For now, I added a new stock_utils module. It currently contains one function that fetches data from yahoo finance and updates the local database based on the results:

from .database import Stock
import yfinance


async def fetch_stock_data(stock_id: int):
    stock = await Stock.filter(id=stock_id).first()

    yahoo_data = yfinance.Ticker(stock.symbol)

    stock.ma200 = yahoo_data.info['twoHundredDayAverage']
    stock.ma50 = yahoo_data.info['fiftyDayAverage']
    stock.price = yahoo_data.info['previousClose']
    stock.forward_pe = yahoo_data.info['forwardPE']
    stock.forward_eps = yahoo_data.info['forwardEps']
    if yahoo_data.info['dividendYield'] is not None:
        stock.dividend_yield = yahoo_data.info['dividendYield'] * 100
    await stock.save()

With that, the back end feels finished enough for now. Here are all the endpoints:

import uvicorn

from fastapi import FastAPI, HTTPException, BackgroundTasks
from tortoise.contrib.fastapi import register_tortoise
from tortoise.exceptions import OperationalError

from .schemas import StatusMessage, SymbolAddRequest, StockList
from .config import TORTOISE_ORM_SETTINGS
from .database import Stock
from .stock_utils import fetch_stock_data


app = FastAPI()
register_tortoise(app, config=TORTOISE_ORM_SETTINGS, generate_schemas=True)


@app.get('/')
def root():
    return StatusMessage(code='success', message='Hello, FastAPI')


@app.get('/stocks')
async def get_stocks(forward_pe: float=None, dividend_yield: float=None, ma50: bool=None, ma200: bool=None):
    stocks = Stock.all()
    if forward_pe:
        stocks = stocks.filter(forward_pe__lte=forward_pe)
    if dividend_yield:
        stocks = stocks.filter(dividend_yield__gte=dividend_yield)
    if ma50:
        stocks = stocks.filter(price__gte=F('ma50'))
    if ma200:
        stocks = stocks.filter(price__gte=F('ma200'))
    return await StockList.from_queryset(stocks)


@app.post('/stock')
async def create_stock(request: SymbolAddRequest, background_tasks: BackgroundTasks):
    try:
        stock = await Stock.create(symbol=request.ticker_symbol)
    except OperationalError as e:
        raise HTTPException(status_code=409, detail=f'Unable to add {request.ticker_symbol}: {e}')
    background_tasks.add_task(fetch_stock_data, stock.id)
    return StatusMessage(code='success', message=f'{request.ticker_symbol} added to database with id {stock.id}')

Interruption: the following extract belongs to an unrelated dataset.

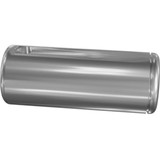 Genie Lift Part # 1274338GT - PIN,2.50DIA.X6.25LG.,1 RING,1 HOLE, EA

@app.delete('/stock/{stock_id}')
async def delete_stock(stock_id: int):
    stock = await Stock.filter(id=stock_id).first()
    if stock is None:
        raise HTTPException(status_code=404, detail=f'Unable to retrieve record for stock with id {stock_id}')
    ticker = stock.symbol
    stock_id = stock.id
    await stock.delete()
    return StatusMessage(code='success', message=f'{ticker} ({stock_id}) removed from database')


if __name__ == "__main__":
    uvicorn.run("stocktoolkit.main:app", host="127.0.0.1", port=8000, reload=True)

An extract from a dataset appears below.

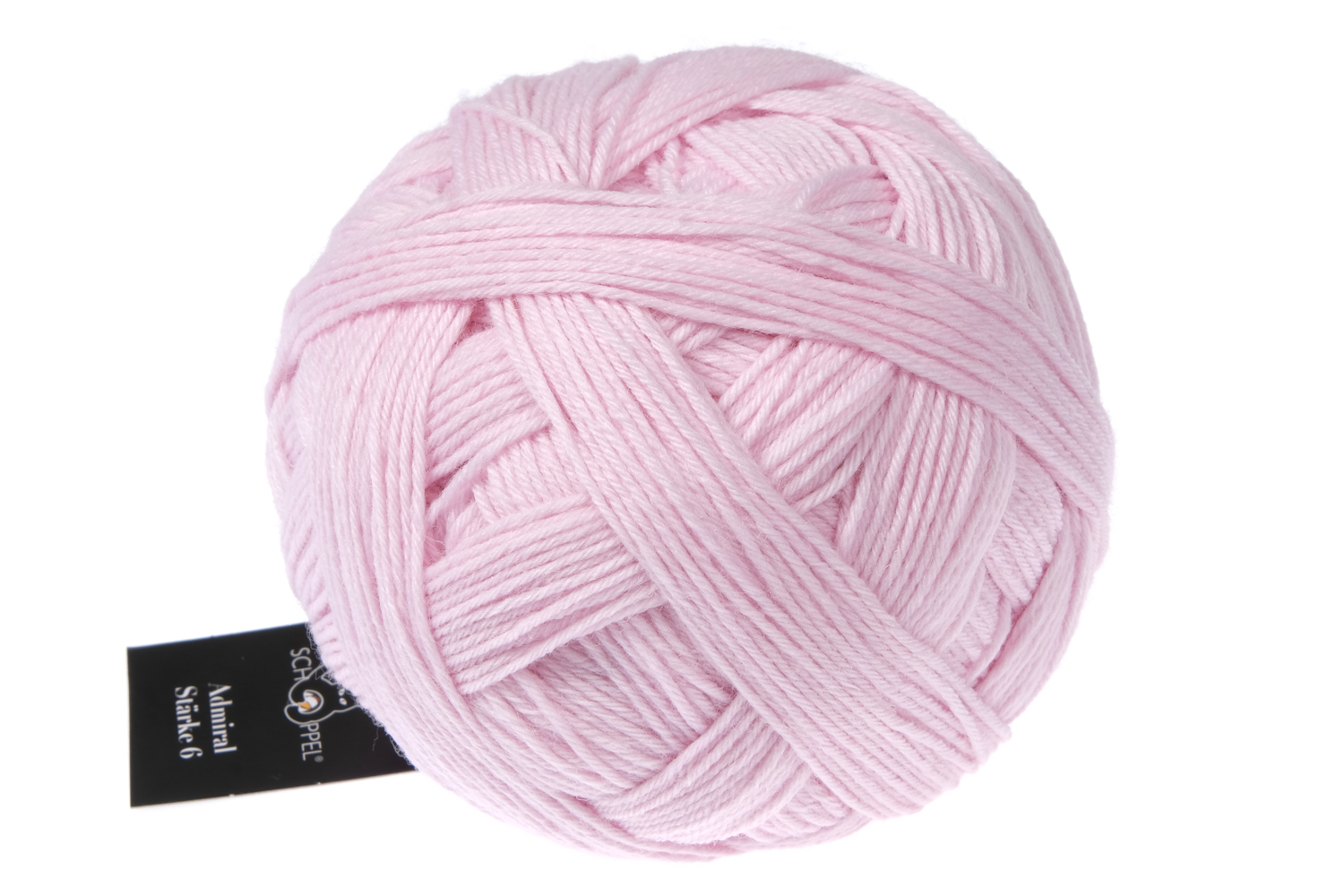 7810 - Blassrosa | €15.80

Even with the limitations I’ve noticed already, I’m really happy with the approach this enables. It’s a better fit for how I like to approach problems than turbogears (which I used to use heavily) or flask (which I’d been planning to adopt when I ran across FastAPI).

This is very long. I’ll cover the front-end in another post. The full backend repo, tagged at this stopping point, is available here in case seeing the end result is more appealing than following along.